**Task statement**:
The answer must consist of each line below that contains the string "Creek".

**Records shown**:
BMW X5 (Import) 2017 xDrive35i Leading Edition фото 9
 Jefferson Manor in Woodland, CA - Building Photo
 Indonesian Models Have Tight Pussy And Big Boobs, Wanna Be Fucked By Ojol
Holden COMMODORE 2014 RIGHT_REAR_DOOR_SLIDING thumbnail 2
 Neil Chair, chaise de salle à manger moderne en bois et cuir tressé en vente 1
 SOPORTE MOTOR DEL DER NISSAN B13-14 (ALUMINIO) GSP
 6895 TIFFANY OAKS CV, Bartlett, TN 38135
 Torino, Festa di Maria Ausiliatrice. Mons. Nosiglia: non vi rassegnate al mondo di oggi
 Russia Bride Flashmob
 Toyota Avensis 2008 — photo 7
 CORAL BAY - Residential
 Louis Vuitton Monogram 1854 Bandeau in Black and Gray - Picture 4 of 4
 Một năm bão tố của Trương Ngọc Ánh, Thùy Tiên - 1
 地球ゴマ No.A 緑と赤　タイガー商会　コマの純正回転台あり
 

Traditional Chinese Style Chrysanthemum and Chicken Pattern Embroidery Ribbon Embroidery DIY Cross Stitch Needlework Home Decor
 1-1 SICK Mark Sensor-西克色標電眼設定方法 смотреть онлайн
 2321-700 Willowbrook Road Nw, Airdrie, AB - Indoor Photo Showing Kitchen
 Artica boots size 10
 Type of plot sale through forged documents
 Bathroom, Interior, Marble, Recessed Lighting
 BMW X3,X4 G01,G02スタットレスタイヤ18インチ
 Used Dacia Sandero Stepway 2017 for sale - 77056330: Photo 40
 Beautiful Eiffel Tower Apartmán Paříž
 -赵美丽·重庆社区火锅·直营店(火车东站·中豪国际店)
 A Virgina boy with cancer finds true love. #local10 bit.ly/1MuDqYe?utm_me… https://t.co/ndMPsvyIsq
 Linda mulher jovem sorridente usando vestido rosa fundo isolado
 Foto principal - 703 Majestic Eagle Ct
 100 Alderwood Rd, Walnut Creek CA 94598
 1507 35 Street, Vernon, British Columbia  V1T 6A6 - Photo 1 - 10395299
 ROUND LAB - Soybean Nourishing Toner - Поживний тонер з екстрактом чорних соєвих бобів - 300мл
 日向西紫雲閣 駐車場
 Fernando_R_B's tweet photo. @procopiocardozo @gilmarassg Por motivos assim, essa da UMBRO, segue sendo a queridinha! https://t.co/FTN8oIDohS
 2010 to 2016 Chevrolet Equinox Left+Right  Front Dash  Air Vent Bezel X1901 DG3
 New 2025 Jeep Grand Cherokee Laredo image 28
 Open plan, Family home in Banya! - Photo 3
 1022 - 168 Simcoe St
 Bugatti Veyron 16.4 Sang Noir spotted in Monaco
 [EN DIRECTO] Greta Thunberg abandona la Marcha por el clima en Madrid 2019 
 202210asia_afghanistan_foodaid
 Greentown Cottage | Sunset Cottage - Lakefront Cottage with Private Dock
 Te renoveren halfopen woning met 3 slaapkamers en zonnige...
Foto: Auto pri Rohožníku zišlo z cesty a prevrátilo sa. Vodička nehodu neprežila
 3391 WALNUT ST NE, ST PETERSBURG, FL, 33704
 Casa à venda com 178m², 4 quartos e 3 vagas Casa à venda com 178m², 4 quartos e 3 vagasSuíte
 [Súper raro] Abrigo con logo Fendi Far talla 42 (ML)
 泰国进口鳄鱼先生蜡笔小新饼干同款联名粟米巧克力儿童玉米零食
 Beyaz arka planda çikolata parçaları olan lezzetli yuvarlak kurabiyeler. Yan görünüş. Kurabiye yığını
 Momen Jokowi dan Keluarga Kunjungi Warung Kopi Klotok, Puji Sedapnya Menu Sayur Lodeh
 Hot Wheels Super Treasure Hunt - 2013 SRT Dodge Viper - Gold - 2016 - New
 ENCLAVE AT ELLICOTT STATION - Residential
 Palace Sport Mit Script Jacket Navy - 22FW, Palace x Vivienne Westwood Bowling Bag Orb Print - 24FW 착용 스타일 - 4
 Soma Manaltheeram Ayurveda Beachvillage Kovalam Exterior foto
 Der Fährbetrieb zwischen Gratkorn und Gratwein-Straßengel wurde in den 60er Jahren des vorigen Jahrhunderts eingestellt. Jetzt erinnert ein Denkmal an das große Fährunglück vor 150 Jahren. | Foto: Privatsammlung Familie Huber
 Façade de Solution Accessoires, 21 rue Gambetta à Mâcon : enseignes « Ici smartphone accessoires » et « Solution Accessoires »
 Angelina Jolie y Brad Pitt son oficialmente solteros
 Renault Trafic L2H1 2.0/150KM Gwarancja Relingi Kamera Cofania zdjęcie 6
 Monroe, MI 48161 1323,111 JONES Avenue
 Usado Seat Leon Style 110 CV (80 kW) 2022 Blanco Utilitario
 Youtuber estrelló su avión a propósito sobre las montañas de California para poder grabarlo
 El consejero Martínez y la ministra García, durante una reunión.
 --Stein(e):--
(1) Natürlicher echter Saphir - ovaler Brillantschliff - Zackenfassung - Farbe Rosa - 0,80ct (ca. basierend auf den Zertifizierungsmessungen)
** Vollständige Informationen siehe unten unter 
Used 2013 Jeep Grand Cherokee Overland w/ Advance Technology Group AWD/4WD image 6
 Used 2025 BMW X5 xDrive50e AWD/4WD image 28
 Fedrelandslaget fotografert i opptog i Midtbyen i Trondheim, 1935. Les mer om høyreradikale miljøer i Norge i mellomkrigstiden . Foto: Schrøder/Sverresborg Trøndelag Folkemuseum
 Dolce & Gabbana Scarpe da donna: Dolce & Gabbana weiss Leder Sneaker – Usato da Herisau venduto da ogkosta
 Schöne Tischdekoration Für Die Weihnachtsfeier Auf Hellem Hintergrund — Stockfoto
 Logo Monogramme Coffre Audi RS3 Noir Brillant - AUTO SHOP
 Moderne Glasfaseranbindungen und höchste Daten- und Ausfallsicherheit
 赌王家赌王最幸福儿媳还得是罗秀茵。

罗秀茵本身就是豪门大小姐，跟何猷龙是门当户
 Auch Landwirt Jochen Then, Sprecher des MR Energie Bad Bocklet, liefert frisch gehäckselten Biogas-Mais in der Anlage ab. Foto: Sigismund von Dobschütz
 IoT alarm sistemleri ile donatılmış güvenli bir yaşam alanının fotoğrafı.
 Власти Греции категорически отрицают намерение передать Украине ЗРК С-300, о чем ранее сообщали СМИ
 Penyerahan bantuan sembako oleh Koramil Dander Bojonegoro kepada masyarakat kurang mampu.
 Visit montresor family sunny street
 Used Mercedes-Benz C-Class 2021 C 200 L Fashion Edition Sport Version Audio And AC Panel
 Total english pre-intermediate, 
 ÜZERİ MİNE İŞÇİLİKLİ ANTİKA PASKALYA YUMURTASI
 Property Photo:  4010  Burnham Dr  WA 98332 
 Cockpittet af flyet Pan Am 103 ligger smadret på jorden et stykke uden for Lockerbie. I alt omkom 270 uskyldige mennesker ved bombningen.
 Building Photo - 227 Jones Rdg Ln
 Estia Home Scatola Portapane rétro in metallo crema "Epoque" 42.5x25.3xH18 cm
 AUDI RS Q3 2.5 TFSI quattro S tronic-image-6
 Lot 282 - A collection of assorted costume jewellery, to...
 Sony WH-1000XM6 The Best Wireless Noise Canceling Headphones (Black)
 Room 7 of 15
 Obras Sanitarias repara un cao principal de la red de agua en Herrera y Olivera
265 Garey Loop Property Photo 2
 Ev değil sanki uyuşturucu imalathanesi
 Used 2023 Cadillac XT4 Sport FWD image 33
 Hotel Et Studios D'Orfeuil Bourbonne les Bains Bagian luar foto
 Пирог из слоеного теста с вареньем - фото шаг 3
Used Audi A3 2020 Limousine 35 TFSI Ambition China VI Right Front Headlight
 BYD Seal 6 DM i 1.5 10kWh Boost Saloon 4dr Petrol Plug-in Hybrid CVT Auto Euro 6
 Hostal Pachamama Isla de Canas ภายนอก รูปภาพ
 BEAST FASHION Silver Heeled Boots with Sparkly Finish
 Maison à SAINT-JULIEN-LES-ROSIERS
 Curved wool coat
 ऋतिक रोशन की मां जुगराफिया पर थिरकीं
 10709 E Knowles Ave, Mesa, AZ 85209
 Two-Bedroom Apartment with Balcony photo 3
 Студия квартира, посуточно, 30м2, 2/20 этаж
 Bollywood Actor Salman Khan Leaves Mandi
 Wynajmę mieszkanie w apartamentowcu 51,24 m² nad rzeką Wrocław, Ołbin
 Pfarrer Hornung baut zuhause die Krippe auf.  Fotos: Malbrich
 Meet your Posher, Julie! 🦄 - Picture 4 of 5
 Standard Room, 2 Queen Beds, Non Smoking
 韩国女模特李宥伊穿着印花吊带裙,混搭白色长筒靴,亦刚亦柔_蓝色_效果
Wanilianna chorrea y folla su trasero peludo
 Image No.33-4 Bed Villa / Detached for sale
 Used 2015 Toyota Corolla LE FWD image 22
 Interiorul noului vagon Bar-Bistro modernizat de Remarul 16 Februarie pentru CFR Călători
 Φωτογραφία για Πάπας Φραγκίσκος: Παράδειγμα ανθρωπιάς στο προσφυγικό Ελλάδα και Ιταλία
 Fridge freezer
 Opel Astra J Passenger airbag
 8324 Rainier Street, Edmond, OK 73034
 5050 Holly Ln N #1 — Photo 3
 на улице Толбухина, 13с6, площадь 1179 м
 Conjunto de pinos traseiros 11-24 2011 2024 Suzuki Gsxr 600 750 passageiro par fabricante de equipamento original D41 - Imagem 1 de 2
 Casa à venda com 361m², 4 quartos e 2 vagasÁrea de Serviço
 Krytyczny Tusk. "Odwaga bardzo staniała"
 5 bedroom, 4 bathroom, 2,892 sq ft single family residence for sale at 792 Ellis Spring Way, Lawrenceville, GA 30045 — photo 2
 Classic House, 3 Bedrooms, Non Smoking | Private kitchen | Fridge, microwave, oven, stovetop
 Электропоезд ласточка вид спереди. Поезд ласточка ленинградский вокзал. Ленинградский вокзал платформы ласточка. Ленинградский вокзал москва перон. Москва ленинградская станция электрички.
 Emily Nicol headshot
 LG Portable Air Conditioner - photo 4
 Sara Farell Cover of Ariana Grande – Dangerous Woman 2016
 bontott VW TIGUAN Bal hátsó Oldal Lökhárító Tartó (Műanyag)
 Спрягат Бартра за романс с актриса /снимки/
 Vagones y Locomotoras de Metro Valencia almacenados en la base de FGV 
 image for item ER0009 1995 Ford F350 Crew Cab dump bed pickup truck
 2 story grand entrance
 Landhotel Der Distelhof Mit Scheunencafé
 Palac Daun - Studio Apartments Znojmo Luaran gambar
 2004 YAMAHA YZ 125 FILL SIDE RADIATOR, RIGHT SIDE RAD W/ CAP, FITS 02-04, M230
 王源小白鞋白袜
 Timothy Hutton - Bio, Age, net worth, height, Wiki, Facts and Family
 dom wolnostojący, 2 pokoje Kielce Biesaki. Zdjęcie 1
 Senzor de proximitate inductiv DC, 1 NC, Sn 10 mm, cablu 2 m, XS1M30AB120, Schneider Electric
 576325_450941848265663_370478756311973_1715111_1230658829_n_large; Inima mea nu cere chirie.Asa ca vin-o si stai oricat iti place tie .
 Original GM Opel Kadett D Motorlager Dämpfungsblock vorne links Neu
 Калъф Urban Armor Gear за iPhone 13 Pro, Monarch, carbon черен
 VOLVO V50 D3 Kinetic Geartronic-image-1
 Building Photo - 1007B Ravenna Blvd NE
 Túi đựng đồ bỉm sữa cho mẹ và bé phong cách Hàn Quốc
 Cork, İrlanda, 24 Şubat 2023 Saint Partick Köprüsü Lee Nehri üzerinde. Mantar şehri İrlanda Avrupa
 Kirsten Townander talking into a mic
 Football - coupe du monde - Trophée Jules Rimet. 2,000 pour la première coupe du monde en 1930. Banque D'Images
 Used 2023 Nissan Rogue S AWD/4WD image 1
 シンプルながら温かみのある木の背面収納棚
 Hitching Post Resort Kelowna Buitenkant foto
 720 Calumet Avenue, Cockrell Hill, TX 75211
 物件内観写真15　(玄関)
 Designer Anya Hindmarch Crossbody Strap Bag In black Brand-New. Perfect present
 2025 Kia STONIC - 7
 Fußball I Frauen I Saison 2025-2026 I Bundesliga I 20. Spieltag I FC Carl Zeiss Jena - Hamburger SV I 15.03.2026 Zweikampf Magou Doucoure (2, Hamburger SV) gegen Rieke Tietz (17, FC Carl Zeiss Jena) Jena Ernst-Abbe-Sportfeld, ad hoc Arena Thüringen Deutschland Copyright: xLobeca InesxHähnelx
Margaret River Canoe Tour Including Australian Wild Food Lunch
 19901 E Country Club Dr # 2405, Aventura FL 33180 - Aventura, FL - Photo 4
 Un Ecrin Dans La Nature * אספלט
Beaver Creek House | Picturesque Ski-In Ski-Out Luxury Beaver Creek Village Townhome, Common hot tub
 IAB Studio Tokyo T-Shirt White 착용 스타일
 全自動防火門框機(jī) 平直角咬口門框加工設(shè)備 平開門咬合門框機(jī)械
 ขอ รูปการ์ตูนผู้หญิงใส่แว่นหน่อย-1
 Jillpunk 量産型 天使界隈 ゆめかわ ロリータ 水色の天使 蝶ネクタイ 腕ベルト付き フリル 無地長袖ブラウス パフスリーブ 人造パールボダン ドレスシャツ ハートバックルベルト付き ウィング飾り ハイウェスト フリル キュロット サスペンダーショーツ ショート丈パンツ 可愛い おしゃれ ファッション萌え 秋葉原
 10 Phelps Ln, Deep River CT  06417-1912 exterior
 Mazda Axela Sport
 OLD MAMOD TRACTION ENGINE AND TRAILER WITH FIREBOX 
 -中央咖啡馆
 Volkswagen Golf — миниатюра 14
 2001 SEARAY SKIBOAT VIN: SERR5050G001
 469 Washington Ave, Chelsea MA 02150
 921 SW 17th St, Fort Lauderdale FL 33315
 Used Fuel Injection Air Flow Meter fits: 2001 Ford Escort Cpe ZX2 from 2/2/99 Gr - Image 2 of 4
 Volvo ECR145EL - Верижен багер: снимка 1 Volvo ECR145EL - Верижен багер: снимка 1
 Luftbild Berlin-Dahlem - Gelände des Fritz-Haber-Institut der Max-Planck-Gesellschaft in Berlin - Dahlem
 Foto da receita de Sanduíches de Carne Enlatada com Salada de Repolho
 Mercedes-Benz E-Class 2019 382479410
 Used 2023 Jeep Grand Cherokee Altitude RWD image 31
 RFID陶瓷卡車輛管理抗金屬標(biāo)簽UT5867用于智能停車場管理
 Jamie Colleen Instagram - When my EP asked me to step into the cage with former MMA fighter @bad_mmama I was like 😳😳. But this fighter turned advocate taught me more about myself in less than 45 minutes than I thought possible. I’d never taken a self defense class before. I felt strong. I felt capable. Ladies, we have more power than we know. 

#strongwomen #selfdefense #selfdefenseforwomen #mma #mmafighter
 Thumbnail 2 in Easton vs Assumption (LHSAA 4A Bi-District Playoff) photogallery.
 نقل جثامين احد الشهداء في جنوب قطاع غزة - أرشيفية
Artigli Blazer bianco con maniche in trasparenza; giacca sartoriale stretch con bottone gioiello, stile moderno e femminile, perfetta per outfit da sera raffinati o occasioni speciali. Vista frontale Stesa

**Written reply**:
 100 Alderwood Rd, Walnut Creek CA 94598
Beaver Creek House | Picturesque Ski-In Ski-Out Luxury Beaver Creek Village Townhome, Common hot tub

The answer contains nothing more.